The Captain reflected, taking as long as he decently could over the task. Indeed he was in trouble. Guillaume's scheme was sagacious, Guillaume's position very strong. And at last Guillaume grew impatient. But still the persistent candle burnt.
"I give you one minute to make up your mind," said Guillaume, dropping his tone of sarcastic pleasantry, and speaking in a hard, sharp voice. "After that, either you give me the papers, or you get up and march before me to the village."
"If I refuse to do either?"
"You can't refuse," said Guillaume.
"You mean – ?"
"I should order you to hold your hands behind your back while I took the papers. If you moved – "
"Thank you. I see," said the Captain, with a nod of understanding. "Awkward for you, though, if it came to that."
"Oh, I think not very, in view of your dealings with my portfolio."
"I 'm in a devil of a hole," admitted the Captain, candidly.
"Time's up," announced M. Guillaume, slowly raising the barrel of his revolver, and taking aim at the Captain. For the candle still burnt, although dimly and fitfully, and still there was light to guide the bullet on its way.

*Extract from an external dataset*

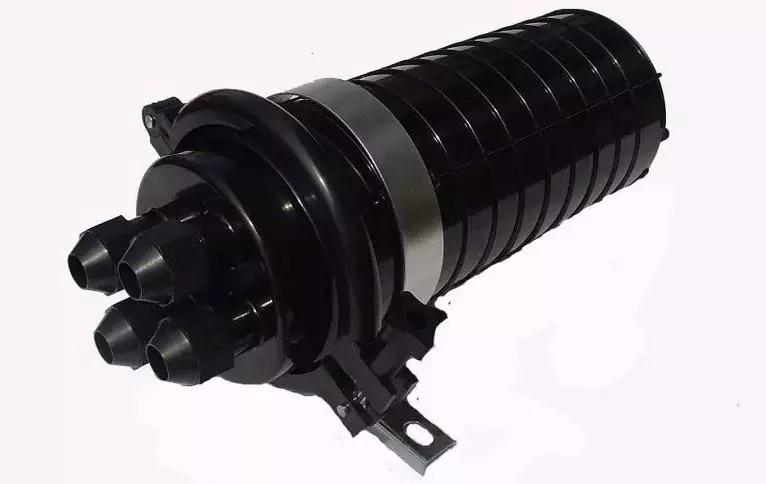 光纤终端盒盘纤教程,光缆终端盒与熔纤盘的区别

"It's all up!" said the Captain. "But, deuce take it, it's hardly the way to treat a gentleman!" Even as he spoke the light of the candle towered for a second in a last shoot of flame, and then went out.
At the same moment the Captain rolled down the incline of straw on which he had been resting, rose on his knees an instant, seized the truss and flung it at Guillaume, rolled under the next truss, seized that in like manner and propelled it against the enemy, and darted again to shelter. "Stop, or I fire," cried Guillaume; he was as good as his word the next minute, but the third truss caught him just as he aimed, and his bullet flew against and was buried in the planking of the roof. By now, the Captain was escaping from under the fourth truss, and making for the fifth. Guillaume, dimly seeing the fourth truss not thrown, but left in its place, discharged another shot at it. The fifth truss caught him in the side and drove him against the wooden block. He turned swiftly in the direction whence the missile came, and fired again. He was half dazed, his eyes and ears seemed full of the dust of the straw. He fired once again at random, swearing savagely; and before he could recover aim his arm was seized from behind, his neck was caught in a vigorous garotte, and he fell on the floor of the hut with Captain Dieppe on the top of him – Dieppe, dusty, dirty, panting, bleeding freely from a bullet graze on the top of the left ear, and with one leg of his trousers slit from ankle to knee by a rusty nail, that had also ploughed a nasty furrow up his leg. But now he seized Guillaume's revolver, and dragged the old fellow out of the hut. Then he sat down on his chest, pinning his arms together on the ground above his head.